### Available data ###
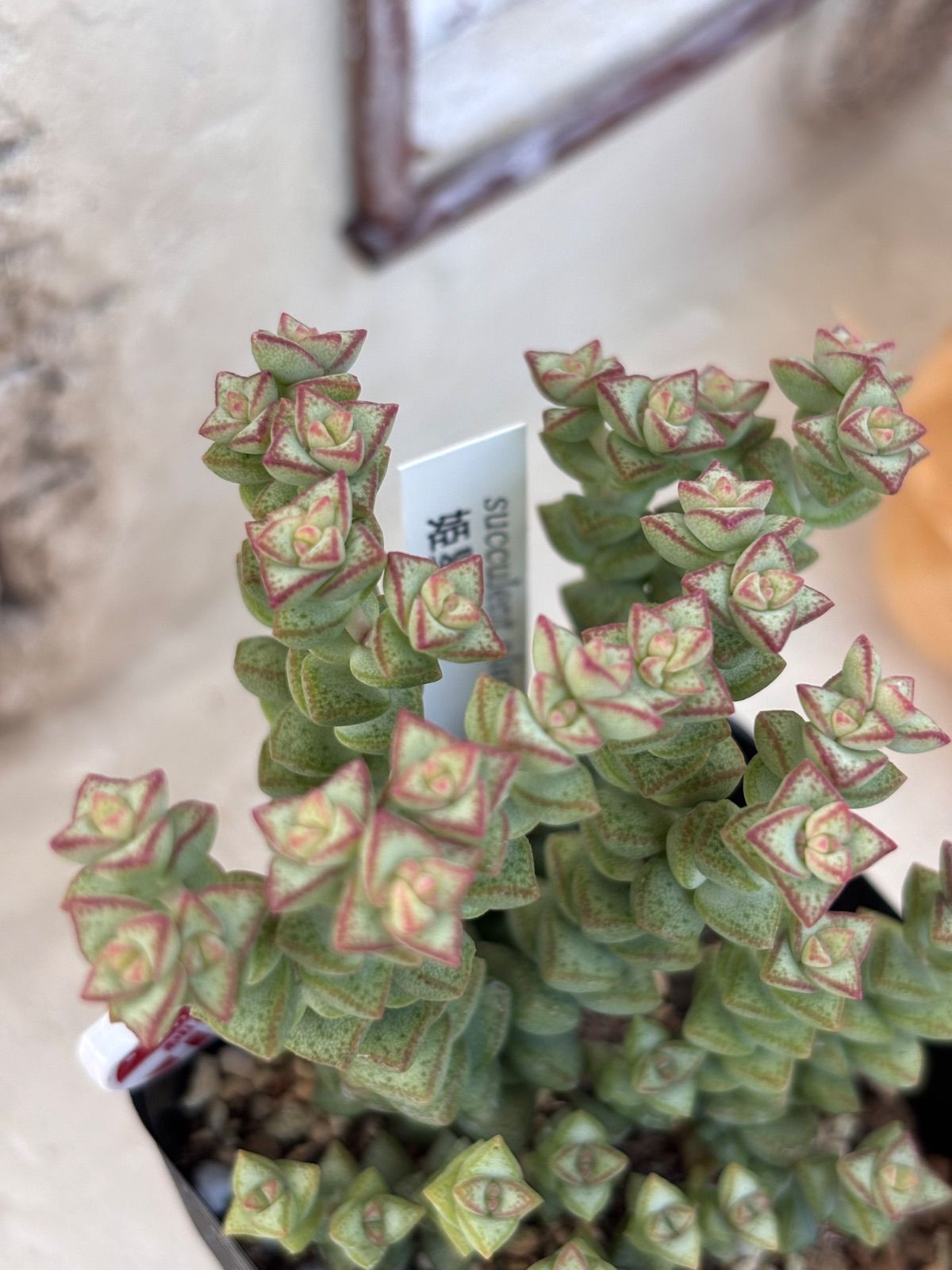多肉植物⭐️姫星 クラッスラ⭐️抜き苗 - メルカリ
###
### Available data ###
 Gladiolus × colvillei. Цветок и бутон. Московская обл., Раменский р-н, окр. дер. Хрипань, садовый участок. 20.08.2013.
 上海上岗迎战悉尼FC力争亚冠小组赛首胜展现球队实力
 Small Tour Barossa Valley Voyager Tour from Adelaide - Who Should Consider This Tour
###
### What is needed
Repeat word for word the lines above that run from the line containing "Gladiolus × colvillei." through the line containing "Small Tour Barossa", both ends included, and nothing else.

### Solution to this exercise
 Gladiolus × colvillei. Цветок и бутон. Московская обл., Раменский р-н, окр. дер. Хрипань, садовый участок. 20.08.2013.
 上海上岗迎战悉尼FC力争亚冠小组赛首胜展现球队实力
 Small Tour Barossa Valley Voyager Tour from Adelaide - Who Should Consider This Tour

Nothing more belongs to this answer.